Private placement means an offer or invitation to subscribe or issue of securities to a selected group of persons by a company other than by way of the public offer, through private placement offer-cum-application.

Private Placement Offer cum Application

A company may make a private placement of securities. A company shall issue private placement offer and application to identified persons, whose names and addresses are recorded by the company. The private placement offer and application shall not carry any right of renunciation.

Maximum number of persons to whom offer can be made and other incidental matters

A private placement shall be made only to a select group of persons who have been identified by the Board, whose number shall not exceed 50 or such higher number excluding the qualified institutional buyers and employees of the company being offered securities under a scheme of employee’s stock option, in a financial year.

Where a company, listed or unlisted, makes an offer to allot or invites subscription, or allots, or enters into an agreement to allot, securities to more than the prescribed number of persons, whether the payment for the securities has been received or not or whether the company intends to list its securities or not on any recognized stock exchange in or outside India, the same shall be deemed to be the public offer and shall be accordingly dealt.

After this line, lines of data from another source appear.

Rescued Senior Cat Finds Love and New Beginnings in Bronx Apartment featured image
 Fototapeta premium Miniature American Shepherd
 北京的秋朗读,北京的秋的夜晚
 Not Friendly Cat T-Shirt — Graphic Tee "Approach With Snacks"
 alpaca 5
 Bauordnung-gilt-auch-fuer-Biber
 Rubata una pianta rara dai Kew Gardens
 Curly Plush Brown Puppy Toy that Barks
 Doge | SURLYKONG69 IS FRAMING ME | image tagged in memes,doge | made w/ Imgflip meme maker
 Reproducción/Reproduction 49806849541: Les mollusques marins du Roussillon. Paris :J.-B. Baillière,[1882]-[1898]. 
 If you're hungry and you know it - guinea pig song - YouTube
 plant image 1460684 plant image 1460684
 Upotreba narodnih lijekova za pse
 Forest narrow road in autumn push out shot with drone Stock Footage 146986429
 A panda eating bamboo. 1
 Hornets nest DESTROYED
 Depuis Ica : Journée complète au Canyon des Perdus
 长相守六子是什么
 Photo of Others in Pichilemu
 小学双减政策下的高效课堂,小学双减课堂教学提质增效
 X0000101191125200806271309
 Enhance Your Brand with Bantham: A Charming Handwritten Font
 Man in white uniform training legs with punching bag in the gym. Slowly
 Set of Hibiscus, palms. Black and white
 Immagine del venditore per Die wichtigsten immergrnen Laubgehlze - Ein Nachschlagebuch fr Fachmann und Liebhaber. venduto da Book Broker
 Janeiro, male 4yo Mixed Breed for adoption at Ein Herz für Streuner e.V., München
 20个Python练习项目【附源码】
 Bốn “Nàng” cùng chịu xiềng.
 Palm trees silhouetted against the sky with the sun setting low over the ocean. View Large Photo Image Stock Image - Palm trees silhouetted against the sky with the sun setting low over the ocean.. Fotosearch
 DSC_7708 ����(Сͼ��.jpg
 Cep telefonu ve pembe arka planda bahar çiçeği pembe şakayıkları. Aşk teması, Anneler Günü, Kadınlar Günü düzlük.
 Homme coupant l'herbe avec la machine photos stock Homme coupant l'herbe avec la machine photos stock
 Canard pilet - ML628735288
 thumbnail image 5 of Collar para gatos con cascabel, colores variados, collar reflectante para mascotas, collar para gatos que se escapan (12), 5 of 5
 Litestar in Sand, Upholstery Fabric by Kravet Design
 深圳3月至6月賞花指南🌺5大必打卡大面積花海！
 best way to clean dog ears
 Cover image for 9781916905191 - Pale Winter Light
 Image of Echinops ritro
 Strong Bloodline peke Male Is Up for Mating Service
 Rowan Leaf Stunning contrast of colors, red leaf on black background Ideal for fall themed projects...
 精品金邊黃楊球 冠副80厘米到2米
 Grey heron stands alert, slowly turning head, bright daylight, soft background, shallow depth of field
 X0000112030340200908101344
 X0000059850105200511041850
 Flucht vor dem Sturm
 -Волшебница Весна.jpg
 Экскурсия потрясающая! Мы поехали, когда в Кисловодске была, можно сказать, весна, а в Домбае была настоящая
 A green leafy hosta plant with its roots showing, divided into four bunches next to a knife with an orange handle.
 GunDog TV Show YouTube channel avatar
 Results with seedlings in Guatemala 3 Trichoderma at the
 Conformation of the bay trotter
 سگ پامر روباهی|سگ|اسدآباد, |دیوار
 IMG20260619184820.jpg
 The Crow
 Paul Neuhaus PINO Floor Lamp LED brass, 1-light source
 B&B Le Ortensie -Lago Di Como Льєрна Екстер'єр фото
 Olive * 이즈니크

Applying to the private placement

Every identified person willing to subscribe to the private placement issue shall apply in the private placement and application issued to such person along with subscription money paid either by cheque or demand draft or other banking channel and not by cash. Hence all the payments have to be made either by cheque or demand draft or other banking channels or not by cash.

However, a company shall not utilize monies raised through private placement unless allotment is made and the return of allotment is filed with the Registrar. The company shall make any fresh offer or invitation concerning private placement unless the allotments concerning any offer or invitation made earlier have been completed or that offer or invitation has been withdrawn or abandoned by the company. A company may, at any time, make more than one issue of securities to such class of identified persons subject to the maximum number of identified persons as stated above.

The time limit for allotment and payment of interest/refund of subscription money otherwise

A company shall allow its securities within 60 days from the date of receipt of the application money for such securities and if the company is not able to allot the securities within that period, it shall repay the application money to the subscribers within 15 days from the expiry of 60 days and if the company fails to repay the application money within the aforesaid period, it shall be liable to repay that money with interest at the rate of 12% per annum from the expiry of the 60thday.